Google offers $1000 bounty for Android Apps bug hunters!

Google offers $1000 bounty for Android Apps bug hunters!

Google is all set for a bounty program to hunt bugs in android apps. The initiative is a collaboration with HackerOne offering a loot of amazing $1000!

The internet giant Google is gearing up for a bug-free experience by launching a new initiative!

Google has launched a new bug bounty programme for security experts. Wherein the company will pay $1,000 for finding security flaws in Android apps and then reporting it to in house researchers.

The Google Play Security Reward Programme recognizes the contributions of security researchers who invest their time and also effort in helping us make apps on Play more secure,” the tech giant said on its website late on Thursday.

All the in house apps find inclusion in the drive alongside invitation to developers of popular Android apps.

The parties will opt-in to the programme kick starting  in partnership with HackerOne.

“Through the programme, we will further improve app security which will benefit developers, Android users and the entire Google Play ecosystem,” the company said.

For now, there is a limitation of scope to R.C.E. (Remote-Code-Execution) vulnerabilities and corresponding POCs (Proof of concepts) that work on Android 4.4 devices and higher.

“This translates to any RCE vulnerability that allows an attacker to run code of their choosing on a user`s device without user knowledge or permission,” it said.

This is how it works.

Researcher identifies vulnerability within an in-scope app. The report are it directly notified to the app`s developer via their current vulnerability disclosure or bug bounty process.

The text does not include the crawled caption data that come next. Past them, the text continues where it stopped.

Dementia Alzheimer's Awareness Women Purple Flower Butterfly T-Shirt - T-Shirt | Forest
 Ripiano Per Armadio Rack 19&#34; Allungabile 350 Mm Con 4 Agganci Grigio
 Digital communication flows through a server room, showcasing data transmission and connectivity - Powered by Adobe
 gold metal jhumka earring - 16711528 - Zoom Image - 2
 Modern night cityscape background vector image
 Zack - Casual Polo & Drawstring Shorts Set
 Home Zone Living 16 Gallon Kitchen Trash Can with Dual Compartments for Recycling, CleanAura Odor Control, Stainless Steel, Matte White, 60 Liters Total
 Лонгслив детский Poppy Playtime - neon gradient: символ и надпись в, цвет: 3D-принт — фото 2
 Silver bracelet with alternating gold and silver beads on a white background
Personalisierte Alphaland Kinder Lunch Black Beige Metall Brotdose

App developer then works with the researcher to resolve the vulnerability.

Meanwhile on the resolution of the vulnerability , the researcher requests a bonus bounty from the Google Play Security.

“The programme will evaluate each submission based on the vulnerability criteria. A bounty of $1,000 will be on offer for issues that meet this criteria,” Google said.

“We are unable to issue rewards to individuals who are on US sanctions lists. Also supporters who are in countries like Crimea, Cuba, Iran, North Korea, Sudan and Syria,” it added.